When I have asked her why this specific guy she has always said that he was just an acquaintance and that she thought he was nice. But, after questioning this she said that before her and I got married that she almost had sex with him. Again, she said that before we were married that this guy and her were making out and that he got her down to her panties and he had his **** out and was trying to have sex with her but she stopped him. I am so sorry for this jumbled story......! I hope it makes since to someone. The fact is that I really love my wife and she has been a good wife for the past 10 years. I want us to work!
However, I believed a lie for 10 years and now I am not sure that I can believe this story. I know that I was wrong in cheating on her. Absolutely. But, I confessed it admitted that I was to blame and I asked her forgiveness. At the time she was so angry at me but would not admit any wrong doing on her side and kept this story for over 10 years.

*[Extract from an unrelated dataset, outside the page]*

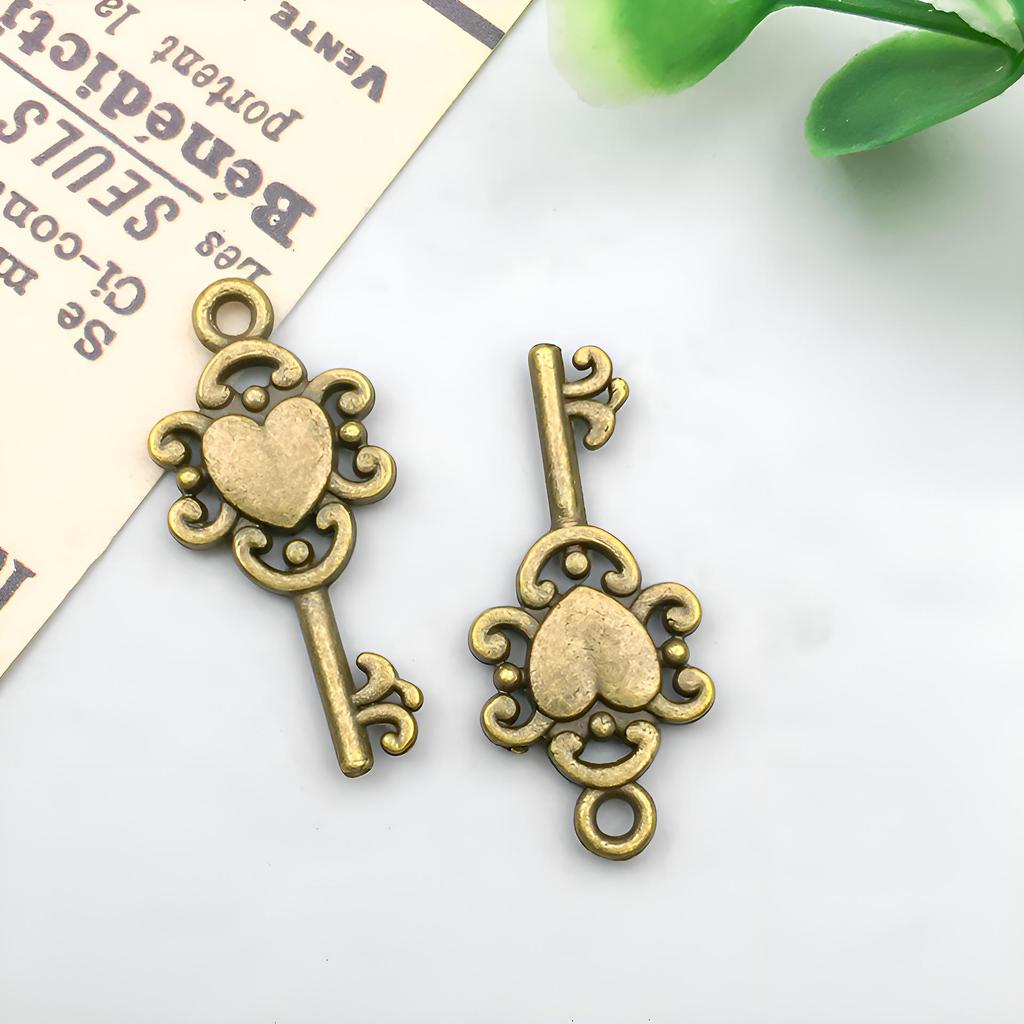 3-Color DIY Alloy Retro Key Jewelry Pendants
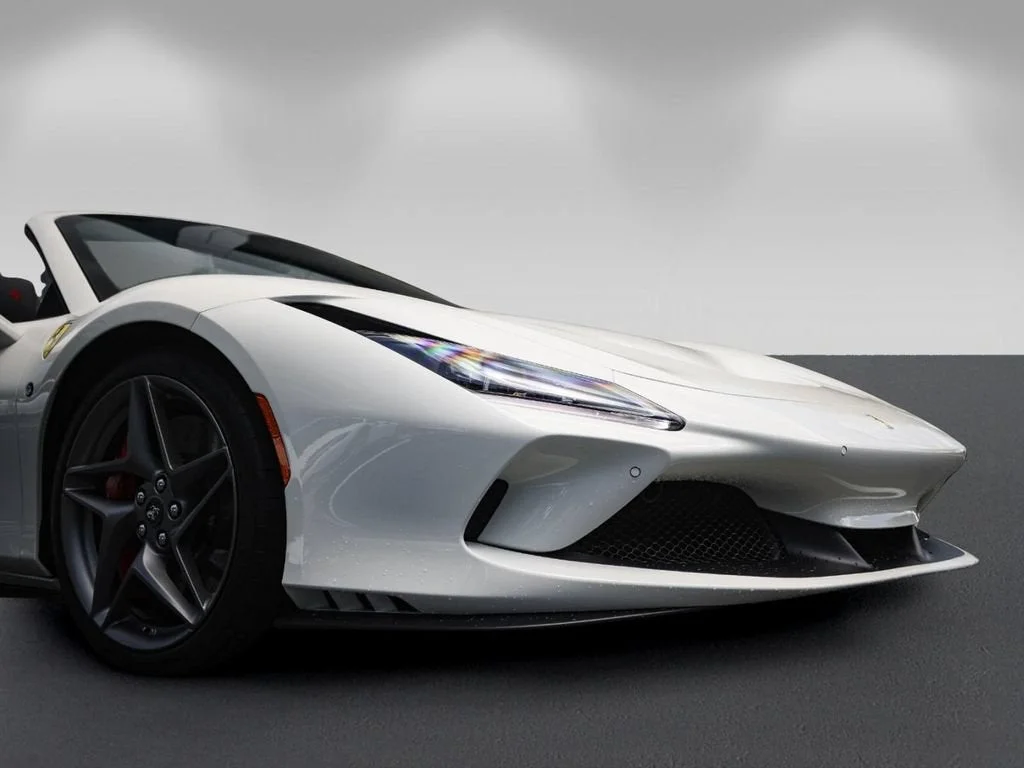 Used 2021 Bianco Avus Ferrari Base image 11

Now, when she confessed it was still just another lie and another version. But, now that she told me this latest story she says that this is absolutely the truth. She has said how sorry that she is and that she loves me and wants us to work. I want to believe her and move on. Am I crazy. I know I deserve this because I cheated. Do I have a right to know? What should I do. If you have questions I can try to clarify..... Sorry for the way I wrote this. I'm kind of venting. But, I would like to know do you think that its possible for my wife to have done all of this and yet stopped him right before sex......? Thank you for taking the time to read this and give me advise. I appreciate it!


----------



## hookares (Dec 7, 2011)

If you wish to stay in this marriage, perhaps you should start to look at it like your marriage didn't actually start until BOTH of you had come clean about the infidelity.
One thing is certain. Neither of you can change the past but you both can shape the future.


----------



## Twofaces (Dec 5, 2011)

You will never know the truth. Ever. Accept that as fact. And decide what you want to do from there.


----------



## wiigirl (Jun 14, 2012)

Twofaces said:


> You will never know the truth. Ever. Accept that as fact. And decide what you want to do from there.


:iagree:








_Posted via Mobile Device_


----------



## eagleben (Jul 29, 2012)

I have asked her if she would take a polygraph test and she has said that she would......!


----------